La pregunta, seguida de este certero comentario, la hizo mi hija Sarah Leonor, de apenas nueve años de edad y con la condición de autismo. Tal vez por eso, porque entiendo que ella vive enjaulada en su mundo, no había pensado que podía salir con esta paralizante interrogante, justo en el momento en que iniciaba la pandemia en el país, y cuando me disponía a salir a trabajar, porque nunca me paralicé, ni siquiera durante el real confinamiento.

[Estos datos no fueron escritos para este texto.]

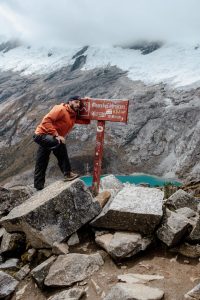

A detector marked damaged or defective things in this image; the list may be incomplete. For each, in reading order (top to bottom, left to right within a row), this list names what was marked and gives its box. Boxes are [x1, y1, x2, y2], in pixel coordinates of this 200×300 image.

rusty metal sign [77, 98, 129, 122]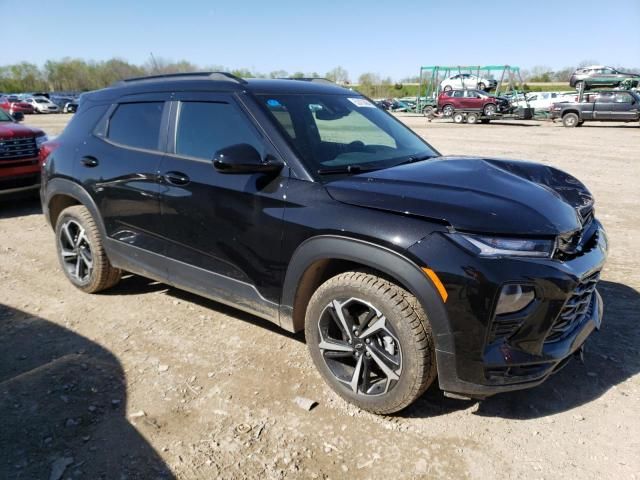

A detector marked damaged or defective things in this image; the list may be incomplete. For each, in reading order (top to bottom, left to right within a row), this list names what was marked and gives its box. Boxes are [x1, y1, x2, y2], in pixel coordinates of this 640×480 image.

Me di cuenta que Sarah Leonor sabía todo y, lo más triste, sentía miedo, un sentimiento que pocos niños con la condición manifiestan. El peligro que representa ese enemigo silencioso llamado Covid-19 se apoderó de su mente y esa era la forma de ella expresarlo. Su inquietud transparentó una inmensa e ingenua expresión de amor hacia mí, yo impotente atiné a tranquilizarla y, en los días que continuaron, a tomar las medidas de lugar.
Con mascarilla, guantes y un frasco de alcohol en la cartera, cerré la puerta de la casa para ir en busca del sustento de ella, su hermana y el mío propio. Ese día, mi mente y corazón libraron una fuerte guerra emocional. Muchas interrogantes surgieron, igual de dolorosas que la de mi pequeña Sarah, pero no tuve de otra que encomendarme a Dios y vivir la «covidianidad» en momentos en que no se hablaba de eso.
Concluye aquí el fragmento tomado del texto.